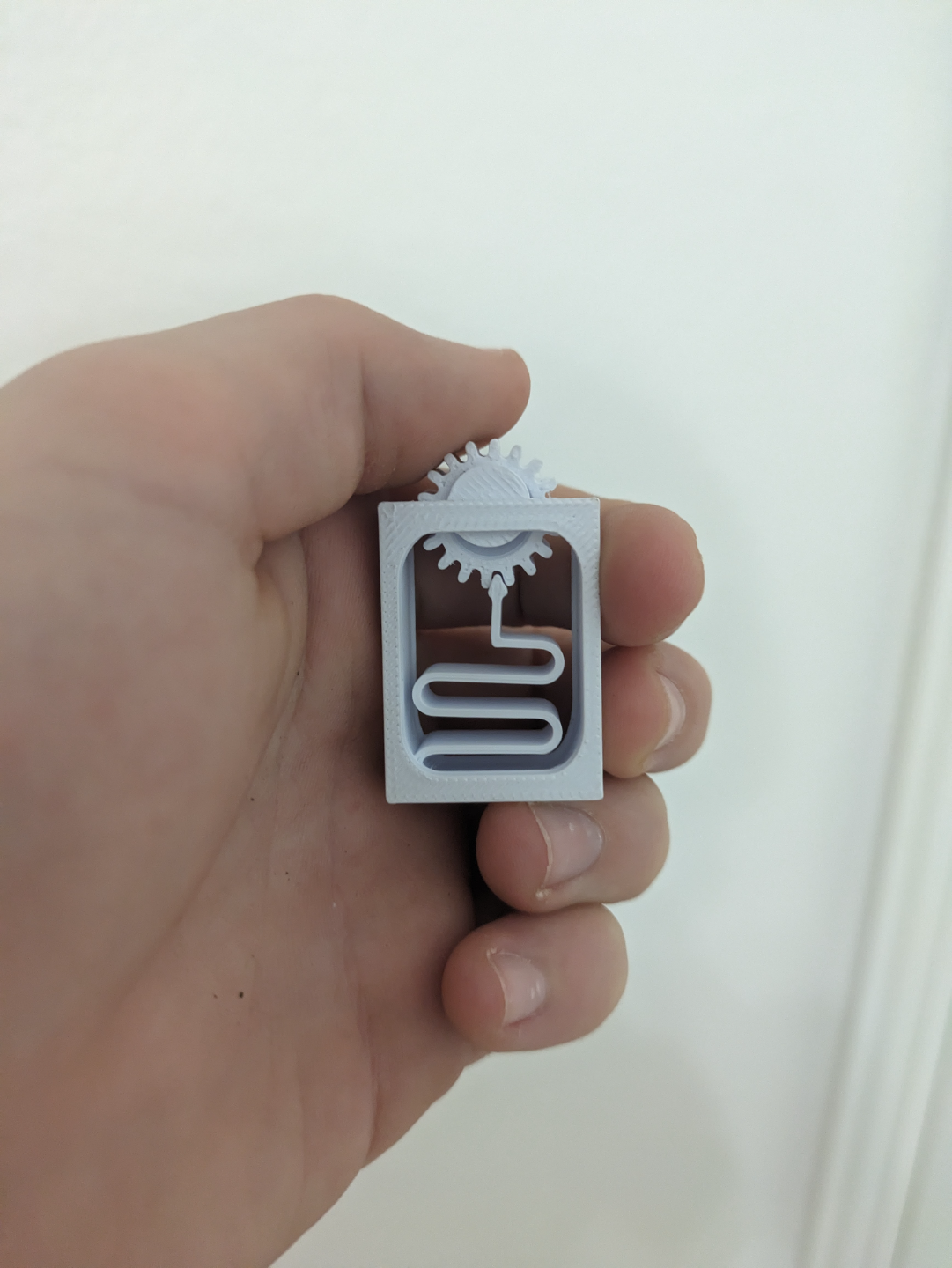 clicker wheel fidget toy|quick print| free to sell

________________________

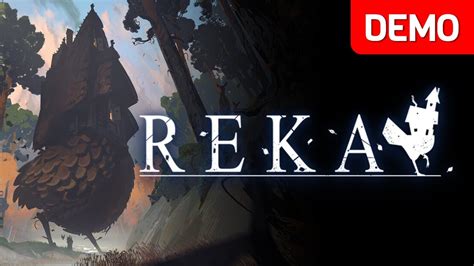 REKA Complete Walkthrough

________________________

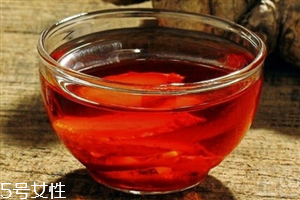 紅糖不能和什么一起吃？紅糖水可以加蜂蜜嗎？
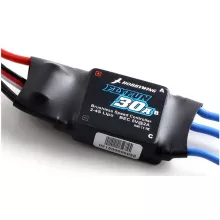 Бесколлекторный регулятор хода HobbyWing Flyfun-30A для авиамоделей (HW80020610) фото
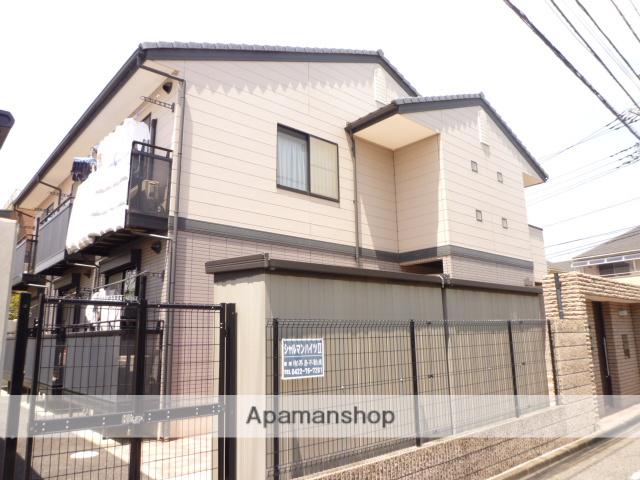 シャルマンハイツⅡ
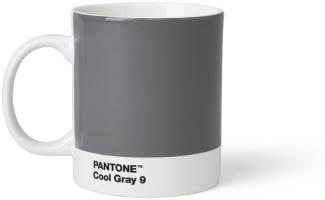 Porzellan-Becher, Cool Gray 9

________________________

What is expected
Keep to the stretch from the line containing "Бесколлекторный регулятор хода" through the line containing "Porzellan-Becher, Cool Gray 9", both ends included, and copy it exactly from the listing above, minus the pictures.

Answer for the task
 Бесколлекторный регулятор хода HobbyWing Flyfun-30A для авиамоделей (HW80020610) фото
 シャルマンハイツⅡ
 Porzellan-Becher, Cool Gray 9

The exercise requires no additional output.